▸ Work order
Your task is to copy the data exactly while leaving out every picture.

▸ Data segment
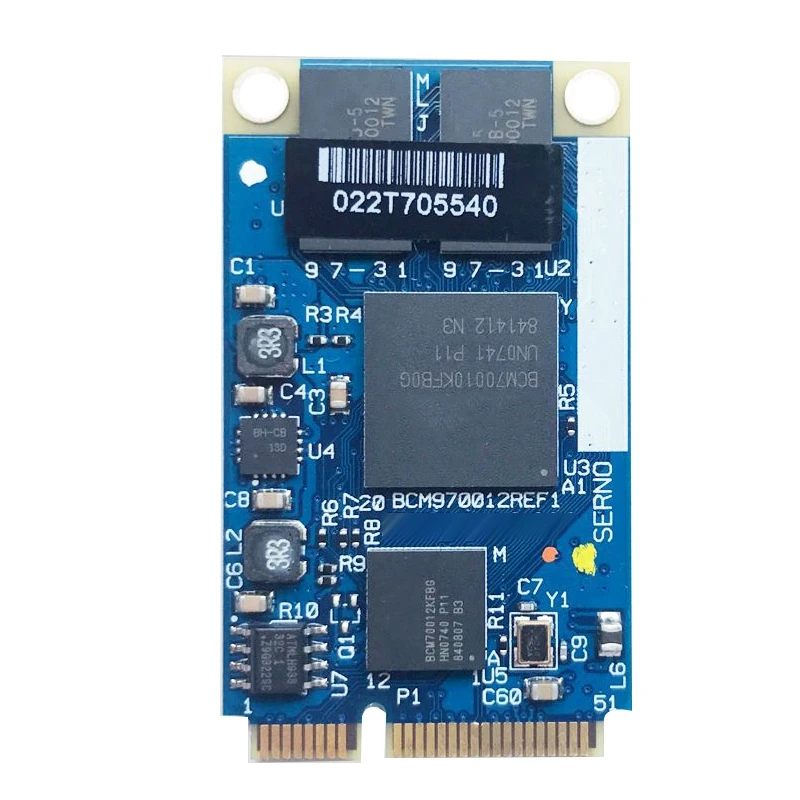 

BCM970012 декодер формата HD AW-VD904 мини PCIE карта для ТВ нетбуков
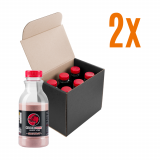 2er Set - BLACK FIRE Nordic Line Chestnut 0,5kg 6er Pack Lockmittel Schwarzwild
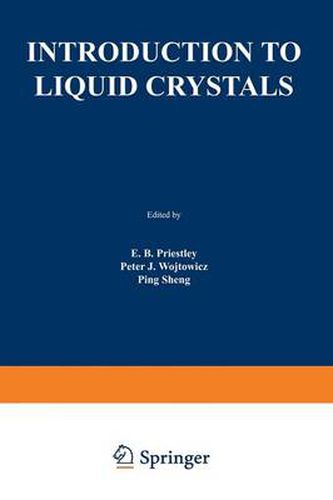 Cover image for Introduction to Liquid Crystals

▸ Result of the task
BCM970012 декодер формата HD AW-VD904 мини PCIE карта для ТВ нетбуков
 2er Set - BLACK FIRE Nordic Line Chestnut 0,5kg 6er Pack Lockmittel Schwarzwild
 Cover image for Introduction to Liquid Crystals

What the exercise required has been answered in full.